Amerika'da yaşamlarını sürdüren bir çoğu Yahudi asıllı göçmen İngilizler olabildiğince rahat ve huzurlu olmalarına rağmen İngiltere, savaşlarla boğuşan ve ekonomik sıkıntı içinde çırpınan bir ülke durumundaydı. 1765'e kadar Gümrük Vergisi gelirleri ile yetinen İngiltere, 1770'de Amerika'daki göçmenlerinin fikrini ve onayını almadan bir harç yasası (Stamp Act) çıkardı. Buna ilave olarak ta Amerika'daki İngiliz göçmenlerin ithal ettiği çay, cam, kağıt, kurşun gibi mallara vergi koymaya başladı. Buna Amerika'daki İngilizler 'boykot' ile karşılık verdiler. 'Boykot' İngilizlerin 'kaba kuvvet' kullanımını beraberinde getirdi. Kan döküldü. İngilizler daha sonra geri adım atıp sadece 'çay vergisi' ile yetinmek durumunda kaldıysa da 'çatışma'lar durdurulamadı.

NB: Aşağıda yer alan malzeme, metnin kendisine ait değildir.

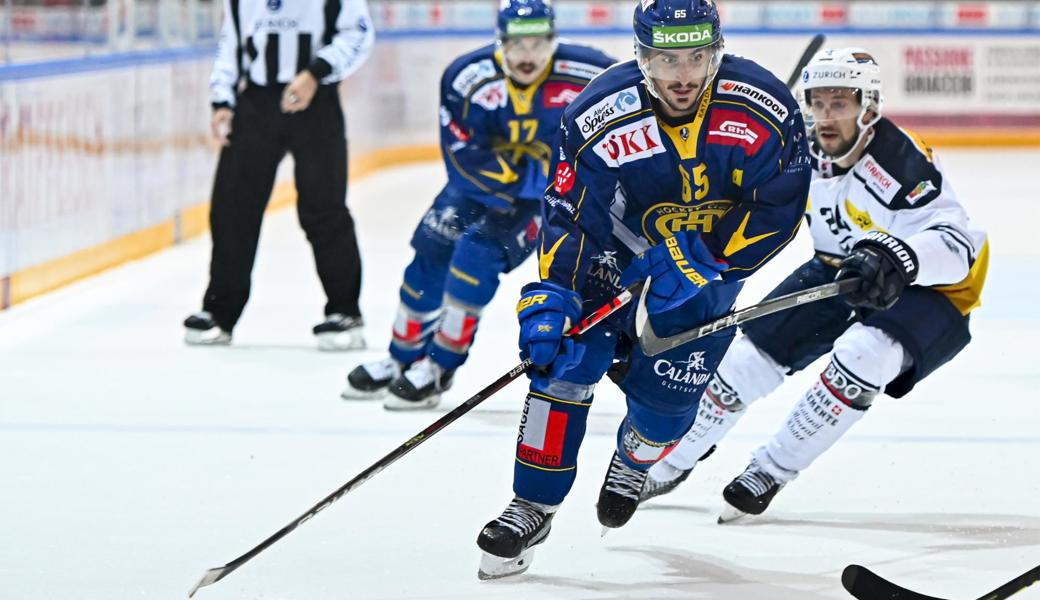 Der HC Davos und Marc Wieser gastieren in der Widnauer Eishalle.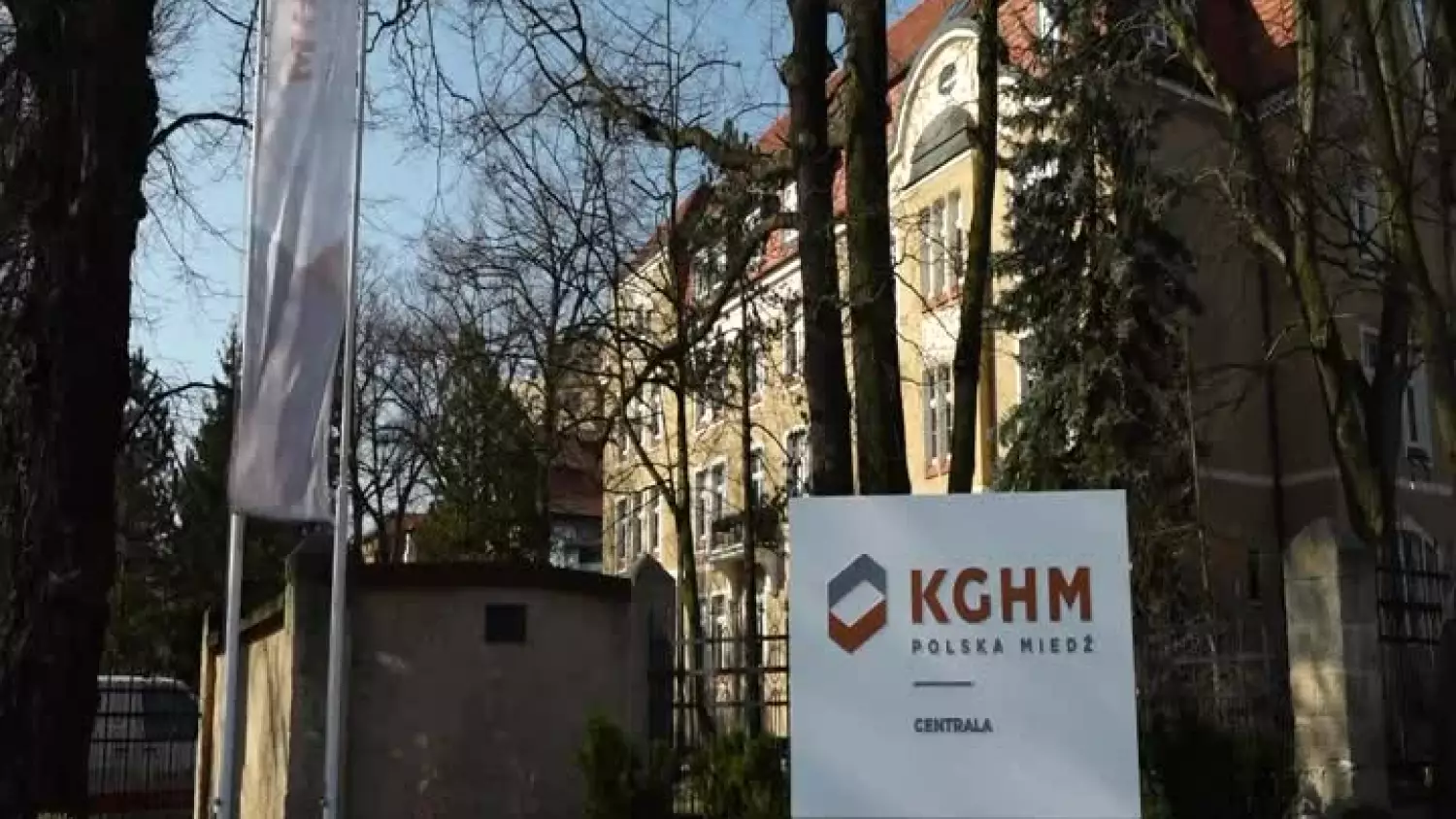 2023-01-27-negocjacje-placowe-kghm-podwyzka.mp4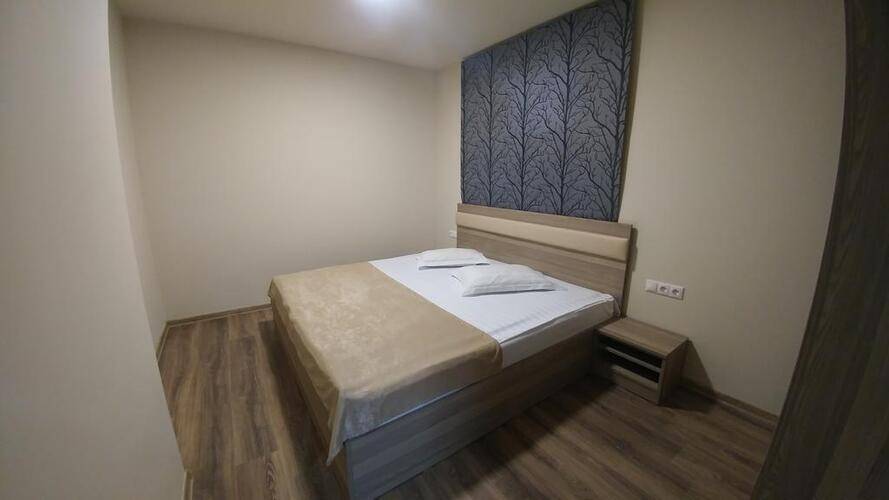 Cross Apartments And Tours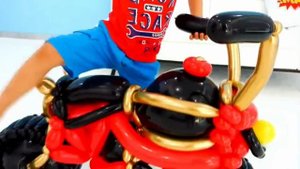 Влад и Ники играют с машиной из воздушных шаров! Веселое видео для детей!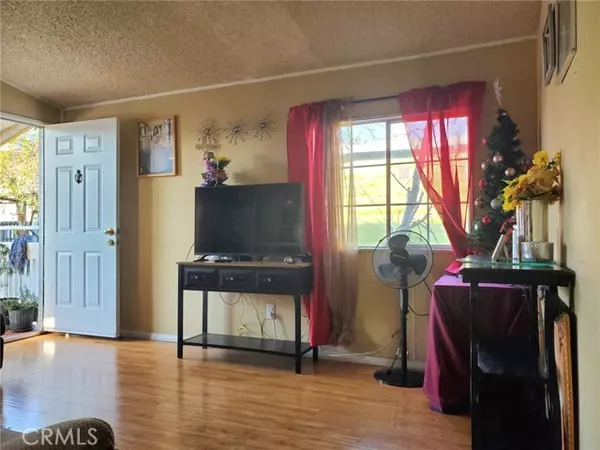 Sylmar, CA 91342,12401 Filmore #614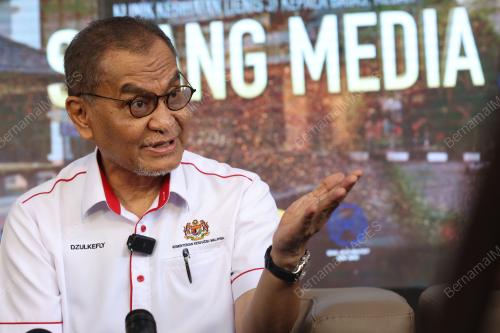 DATUK SERI DR DZULKEFLY AHMAD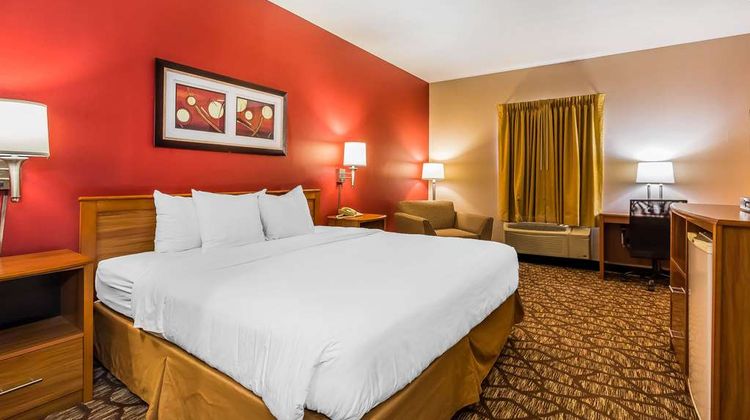Quality Inn & Suites Room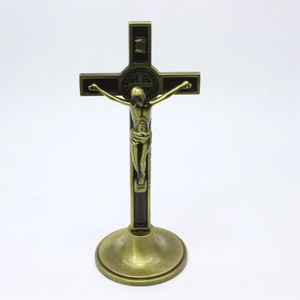 Cruz Católica Religiosa, Crucifijo de Metal Plateado Antiguo, Adornos Artesanales, Decoración para Acción de Gracias - Product Image 1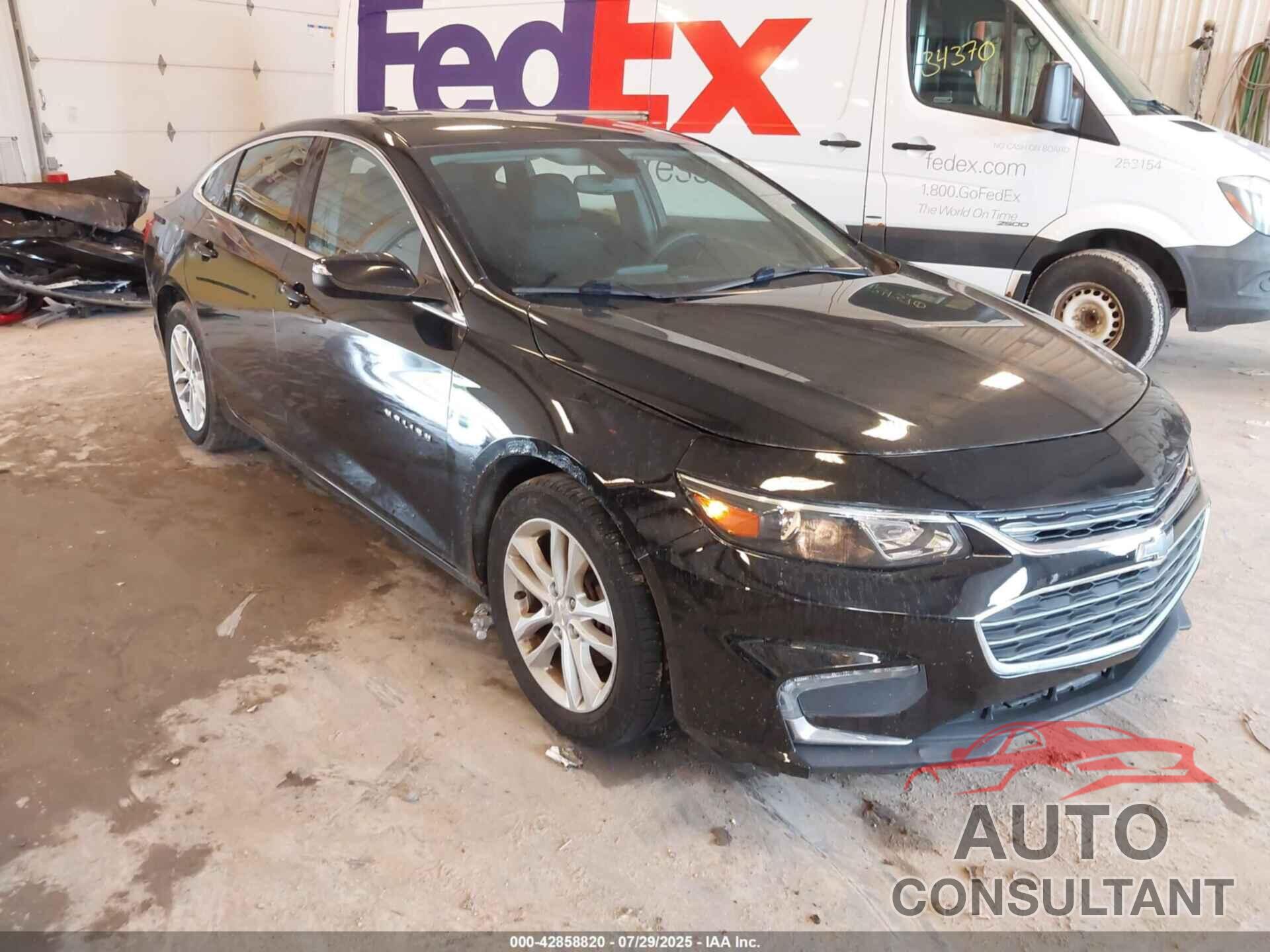 CHEVROLET MALIBU 2016 - 1G1ZE5ST0GF258547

            1773'te, Boston'da, Kızılderili kıyafeti giymiş Amerika'da yaşayan İngilizler (İki cepheli bir oyun; ancak en önemli cephesi, Kızılderili katliamına çanak tutması) British East India Company'ye ait gemilere saldırdı. Çay balyalarını denize döktü. 'Boston Tea Party'. Bu olay üzerine' İngilizler Amerika'ya asker gönderdiler. Amerika'da yaşayan İngilizlerin 'dayanılmaz yasalar' (Intolerable Acts) dedikleri kaba kanunları çıkardılar. Bu yasaya göre:

            •British East India Company'ye tazminat ödeninceye kadar Boston limanı kapatıldı.

            •Masachusetts'in koloni yetkisi iptal edildi ve doğrudan 'TAÇ'a bağlandı,

            •Suç işleyen İngiliz memurları yargılama yetkisinin sadece İngiltere'ye ait olduğu kararlaştırıldı,

            •Valiler, istedikleri özel mülkiyete {ev, ahır, ambar, tarla) el koyup İngiliz Askerlerini buraya yerleştirmeye yetkili kılındı.

George Washington Masonu başkomutanlığa atandı

            Massachusetts bu yasaya direnmeye karar verdi ve 'milis' toplamaya başladı. Diğer kolonileri de yardıma çağırdı. 05 Eylül 1774'te, on iki koloniden Georgıa hariç tamamı Phıladelphıa'da toplandı. Bu kongrede katılımcılar kendi vergi yükümlülüklerinin sınırlarını belirleyici karar aldı.

            10 Mayıs 1775'te yine Phıladelphıa'da ikinci kez, ama bu sefer on üç koloninin tamamının da katılımı ile ikinci kongre toplandı. Bu kongrede önemli kararlar alındı. Ordu kurmaya başlandı, George Washington Başkomutanlığa atandı. En önemlisi 'Bağımsızlık Bildirgesi' bu kongre tarafından kabul ve ilan edilip ABD'nin temeli atıldı.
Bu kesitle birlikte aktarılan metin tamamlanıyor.